Гл. семнадцатая. Назначение полномочным министром
едет в Тегеран чрезвычайным посланником.
П.А. Вяземский. Письма из Петербурга
25 –го апреля 1828 года Император Николай I подписал Указ Правительственному Сенату об учреждении Российской императорской миссии при Тегеранском дворе и Российского генерального консульства в Тавризе. Полномочным министром был назначен статский советник Грибоедов, генеральным консулом - надворный советник Амбургер. Первым секретарем при Грибоедове назначен Мальцов и вторым - Аделунг; секретарем к Амбургеру - Иванов.
П. А. Вяземский сообщает жене: «Шепелев едет на войну, для него настоящий военный пир, со всею горячностью буйной молодости. А меня на этот пир не пустили, от того-то на других скалю зубы. Пушкин с горя просился в Париж: ему отвечали, что, как русский дворянин, имеет он право ехать за границу, но что государю будет это неприятно. Грибоедов же вместо Парижа едет в Тегеран чрезвычайным посланником. Я не прочь ехать бы и с ним, но теперь мне и проситься нельзя. Эх, да матушка Россия! попечительная лапушка ее всегда лежит на тебе: бьет ли, ласкает, а все тут, никак не уйдешь от нее <...> » (Вяземский П.А. Письма из Петербурга.1828).

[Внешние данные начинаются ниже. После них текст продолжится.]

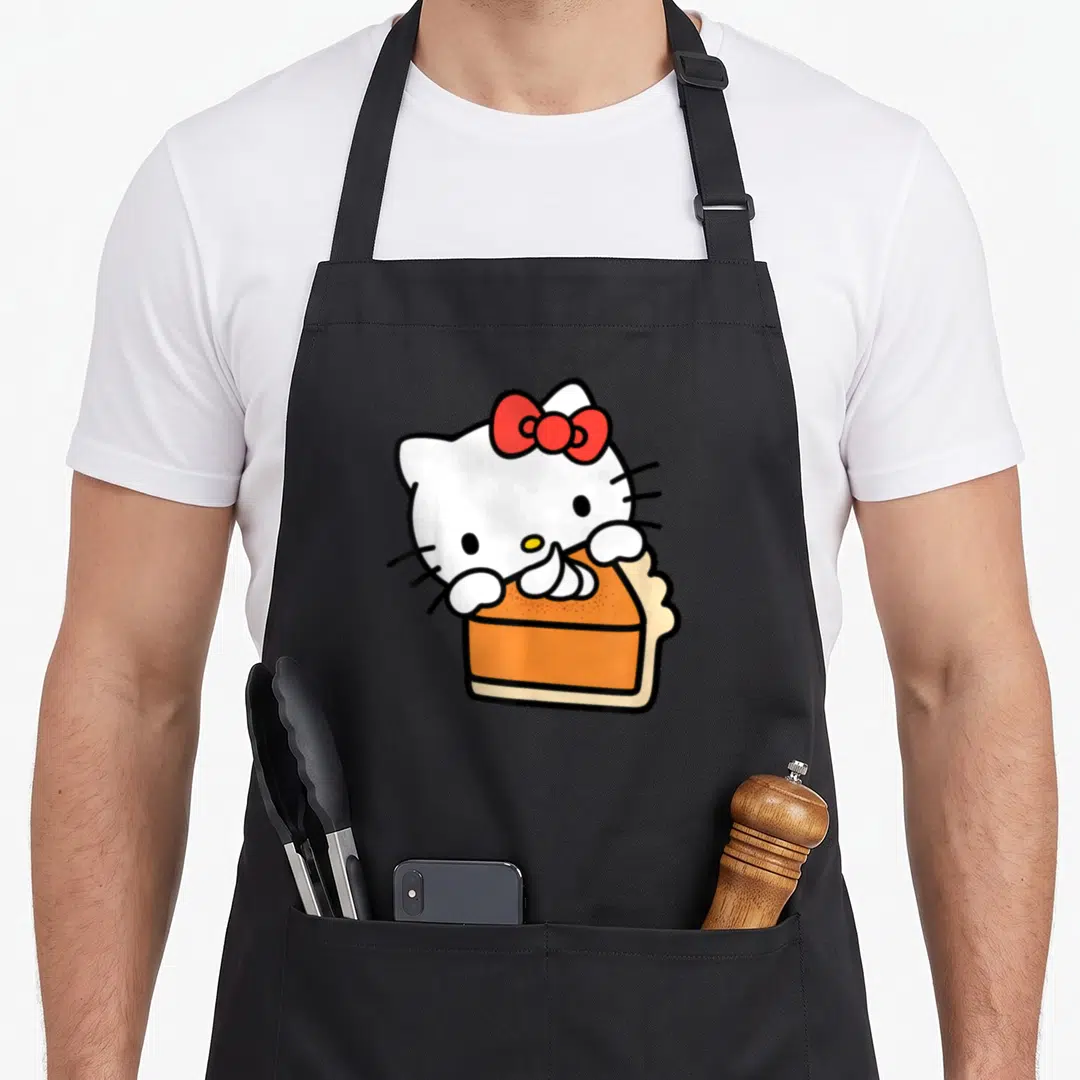 Slice pie apron - White cartoon cat with red bow holding orange cake slice with black outlines — shown on a black cotton canvas apron against a white background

Перед назначением в Персию Грибоедов говорил своему другу Бегичеву: «Старался я отделаться от этого посольства. Министр сначала предложил мне ехать поверенным в делах, я отвечал ему, что там нужно России иметь полномочного посла, чтобы не уступать шагу английскому послу. Министр улыбнулся и замолчал, полагая, что я, по честолюбию, желаю иметь титул посла. А я подумал, что туча прошла мимо и назначат кого-нибудь чиновнее меня, но через несколько дней министр присылает за мной и объявляет, что я по высочайшей воле назначен полномочным послом. Делать было нечего! Отказаться от этого под каким-нибудь предлогом, после всех милостей царских, было бы с моей стороны самая черная неблагодарность» (Бегичев С.Н. Записка об А.С. Грибоедове).

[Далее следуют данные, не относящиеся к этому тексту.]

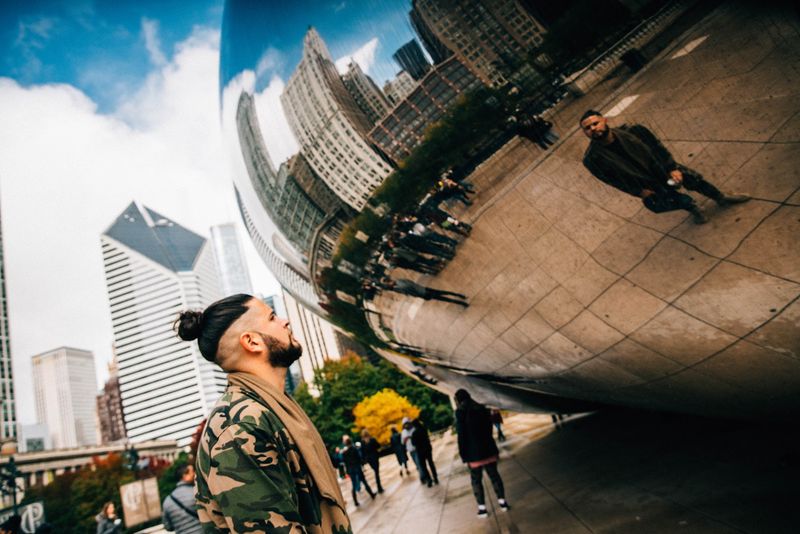 Man looks up while the Bean mirrors him and skyline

1 –го мая беллетрист и драматург В. С. Филимонов послал Грибоедову в рукописи свою поэму «Дурацкий колпак», сопроводив ее посвятительным стихотворением «А. С. Г.»:
В веселом «Горе от ума»
Вы век полковничий столкнули с бригадирским...

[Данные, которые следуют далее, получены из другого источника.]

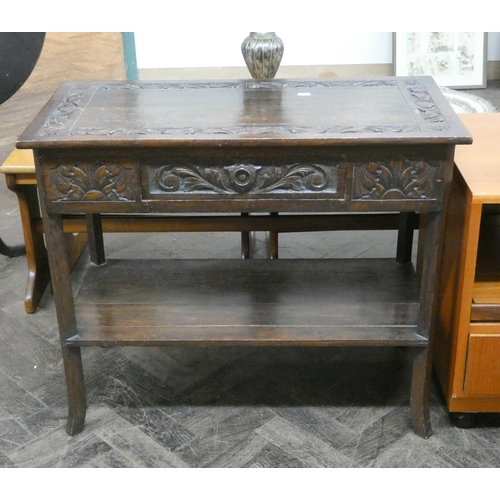 99 - Late Victorian carved oak hall table, fitted one drawer with an open under tier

В нем живы: Фамусов и Хлёстова-кума,
Антоныч — лжец, Молчалин — низкий;
В нем доказали вы ум светлый мудреца
И живописца дар, писать уменье кстати,
Любовь к стране родной, могущество певца,
И что успех важней печати.
16 – го мая Грибоедов присутствовал на чтении Пушкиным его трагедии «Борис Годунов» в доме графини А.Г. Лаваль, хозяйки известного в то время музыкально-литературного салона. «Вчера Пушкин читал свою трагедию у Лаваль: в слушателях были две княгини Michel, Одоевская-Ланская, Грибоедов, Мицкевич, юноши, Балк, который слушал трагически. Кажется, все были довольны, сколько можно быть довольным, мало понимая <...> » писал П.А. Вяземский из Петербурга А.И. Тургеневу (17 мая 1828 г.). Трагедия "Борис Годунов" чрезвычайно интересовала Грибоедова - в особенности в связи с его собственными замыслами написать трагедию. Еще в в декабре 1826 года он писал из Тифлиса Бегичеву: «Когда будешь в Москве, попроси Чаадаева и Каверина, чтобы прислали мне трагедию Пушкина "Борис Годунов"». Целиком «Борис Годунов» напечатан в 1831 году. В наброске к предисловию к своей трагедии Пушкин замечал: «Грибоедов критиковал мое изображение Иова - патриарх действительно был человеком большого ума, я же, по недосмотру, сделал из него глупца».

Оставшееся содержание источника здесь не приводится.